Given entries

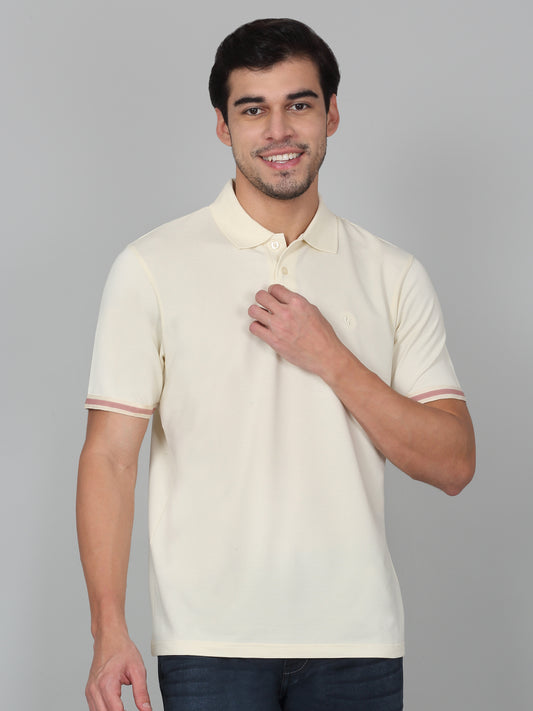 T-Shirt for Men | Breathable & Soft with Color Fastness Regular Fit Polo Neck Cotton Blend Fabric Solid Pattern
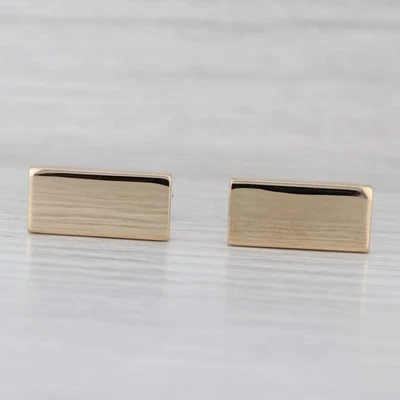 Gemelos de barra de oro grabables Cartier de oro amarillo de 14 k con respaldo de barra plegable Foto 1 de 4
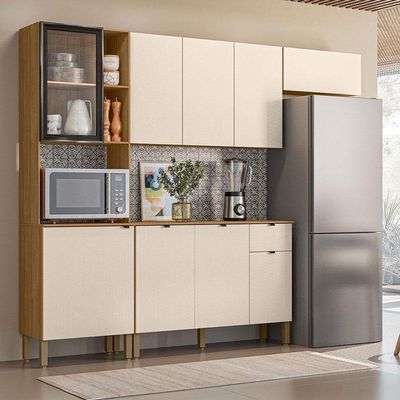 Cozinha Compacta Vert Plus Com Balcão Para Cozinha Freijó Soft - Kits Paraná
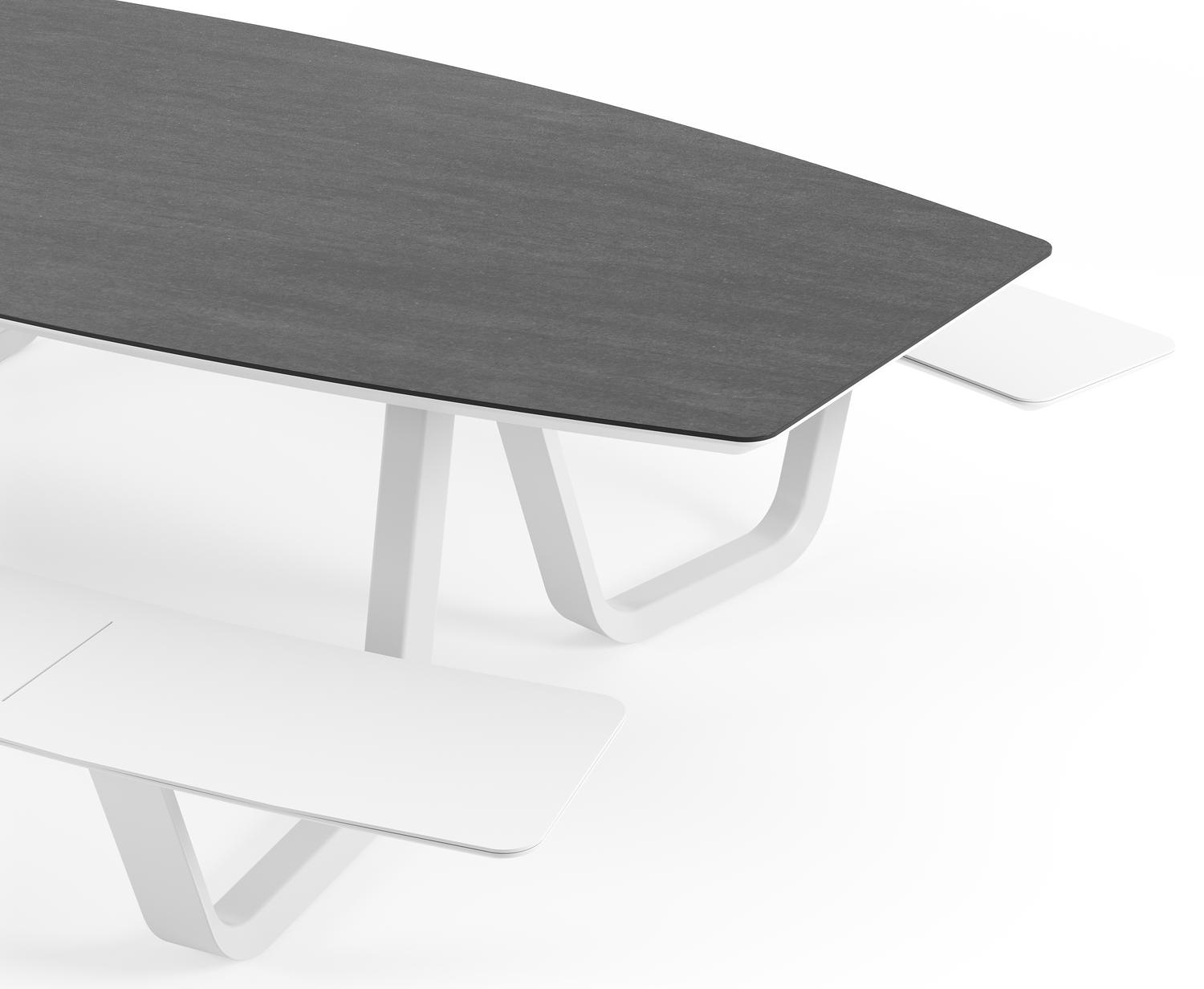 Forno picknicktafel bootvorm in wit aluminium en volkeramiek Basalt Black - L 280 x B 192 x H 72 cm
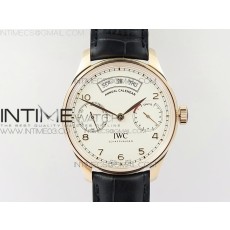 ZF공장 IWC 포르투기저 애뉴얼캘린더 파워리저브 골드케이스 골드핸즈 화이트다이얼 가죽스트랩 IWC PORTUGUESE REAL PR REAL ANNUAL CALENDAR IW503501 RG WHITE DIAL ON BROWN LEATHER STRAP A52850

Goal of the exercise
Print each record exactly as it stands, skipping the pictures.

Exercise solution
 T-Shirt for Men | Breathable & Soft with Color Fastness Regular Fit Polo Neck Cotton Blend Fabric Solid Pattern
 Gemelos de barra de oro grabables Cartier de oro amarillo de 14 k con respaldo de barra plegable Foto 1 de 4
 Cozinha Compacta Vert Plus Com Balcão Para Cozinha Freijó Soft - Kits Paraná
 Forno picknicktafel bootvorm in wit aluminium en volkeramiek Basalt Black - L 280 x B 192 x H 72 cm
 ZF공장 IWC 포르투기저 애뉴얼캘린더 파워리저브 골드케이스 골드핸즈 화이트다이얼 가죽스트랩 IWC PORTUGUESE REAL PR REAL ANNUAL CALENDAR IW503501 RG WHITE DIAL ON BROWN LEATHER STRAP A52850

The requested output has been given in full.